Dr. Eddy M. Leks and Miskah Banafsaj

Sifat final dan mengikat dari suatu putusan arbitrase sering menimbulkan pertanyaan apakah putusan tersebut masih dapat dikoreksi oleh pengadilan. Artikel ini membahas batasan antara koreksi dan pembatalan putusan arbitrase menurut hukum arbitrase di Indonesia.

Pembatalan Putusan Arbitrase

Putusan arbitrase yang telah diputus oleh suatu lembaga arbitrase, dapat diajukan permohonan pembatalan kepada Ketua Pengadilan Negeri dalam kurun waktu paling lama 30 (tiga puluh) hari sejak penyerahan dan pendaftaran putusan arbitrase kepada Panitera Pengadilan Negeri.
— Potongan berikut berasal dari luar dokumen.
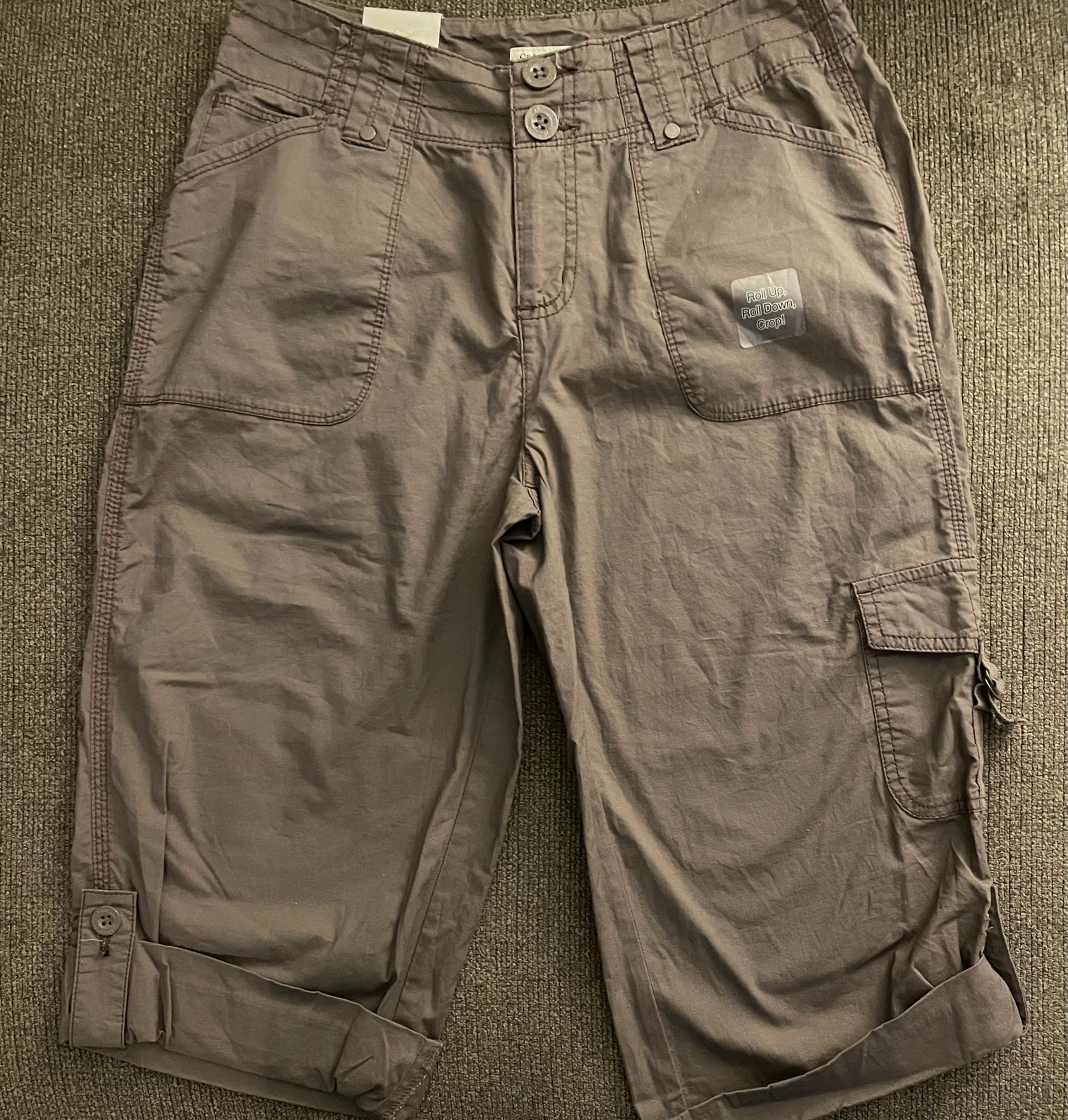 NWT Women’s St. John’s Bay Roll Up, Roll Down Crop Pants Size 4P Brown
Pasal 70 Undang-Undang Nomor 30 Tahun 1999 tentang Arbitrase dan Alternatif Penyelesaian Sengketa (“UU Arbitrase dan APS”) jo. Pasal 24 ayat (4) Peraturan Mahkamah Agung Nomor 3 Tahun 2023 tentang Tata Cara Penunjukan Arbiter oleh Pengadilan, Hak Ingkar, Pemeriksaan Permohonan Pelaksanaan dan Pembatalan Putusan Arbitrase (“PERMA tentang Arbitrase”) telah mengatur secara khusus, unsur-unsur yang dapat mengakibatkan suatu putusan arbitrase dapat diajukan pembatalan, yaitu apabila diduga mengandung salah satu dari unsur-unsur:

  • Surat atau dokumen yang diajukan dalam pemeriksaan, setelah putusan dijatuhkan, diakui palsu atau dinyatakan palsu;
  • Setelah putusan diambil ditemukan dokumen yang bersifat menentukan, yang disembunyikan oleh pihak lawan; atau
  • Putusan diambil dari hasil tipu muslihat yang dilakukan oleh salah satu pihak dalam pemeriksaan sengketa.
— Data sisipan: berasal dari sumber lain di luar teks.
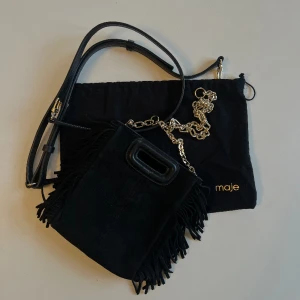 Maje väska - Säljer denna jättefina väska från Maje som är köpt i Paris. Den är i mycket bra skick. Man får med kedjan, det långa bandet och dustbag.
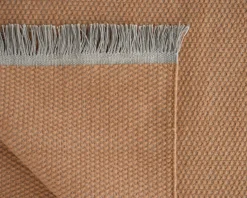 Linie Design Pastoral Unity matta 140 x 200 cm bärnsten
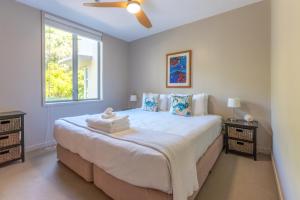 Ένα ή περισσότερα κρεβάτια σε δωμάτιο στο The Sands - Apartment 15 - Stay Waiheke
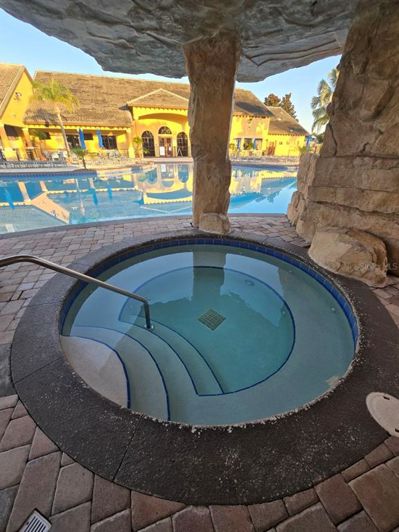 Image No.60-5 Bed Property for sale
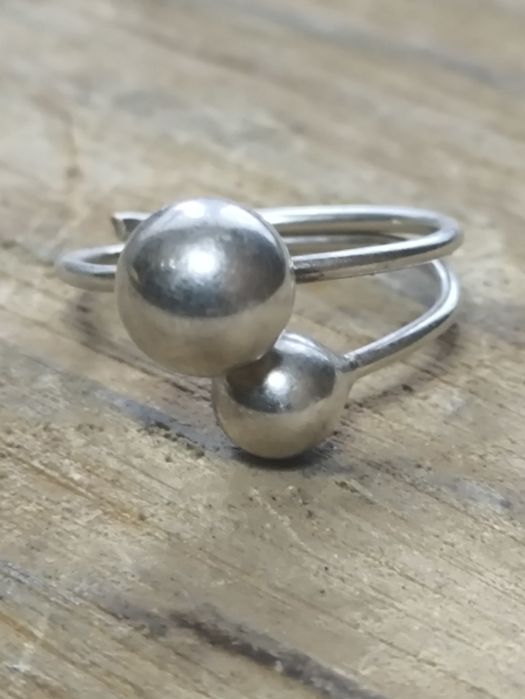 Stary srebrny pierścionek kule . Vintage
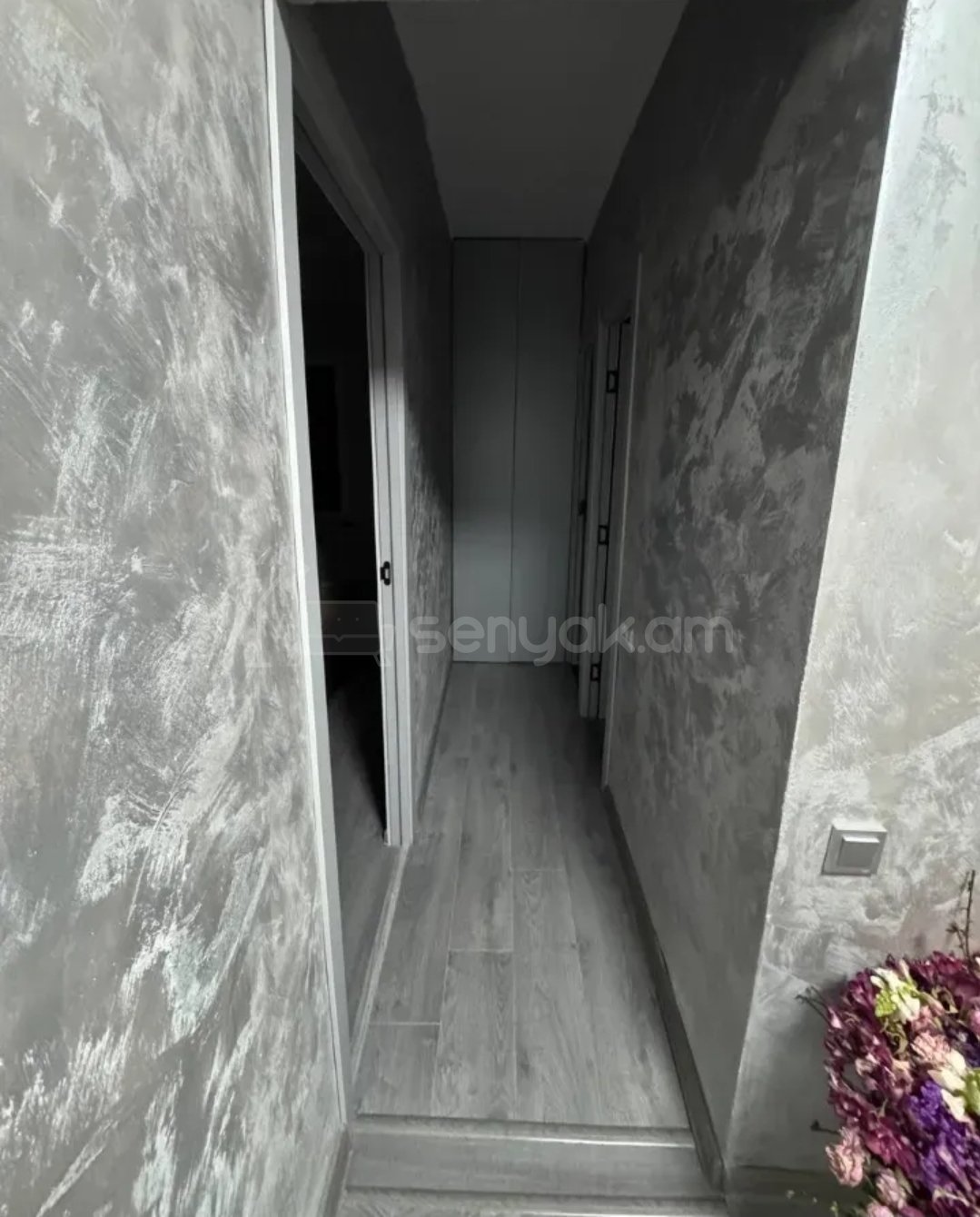 3 Սենյականոց Բնակարան Քարե Շենքում, 72քմ, 2/5 հարկ, Կապիտալ Վերանորոգված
Kewenangan majelis hakim dalam memeriksa suatu permohonan pembatalan putusan arbitrase pada pokoknya terbatas pada ketiga unsur tersebut di atas. Majelis hakim tidak lagi dapat memeriksa perihal pokok perkara dalam sengketa arbitrase. Konsekuensinya, majelis hakim juga seharusnya tidak lagi berwenang untuk menilai maupun menguji pertimbangan hukum yang digunakan oleh majelis arbitrase dalam menjatuhkan putusan arbitrase.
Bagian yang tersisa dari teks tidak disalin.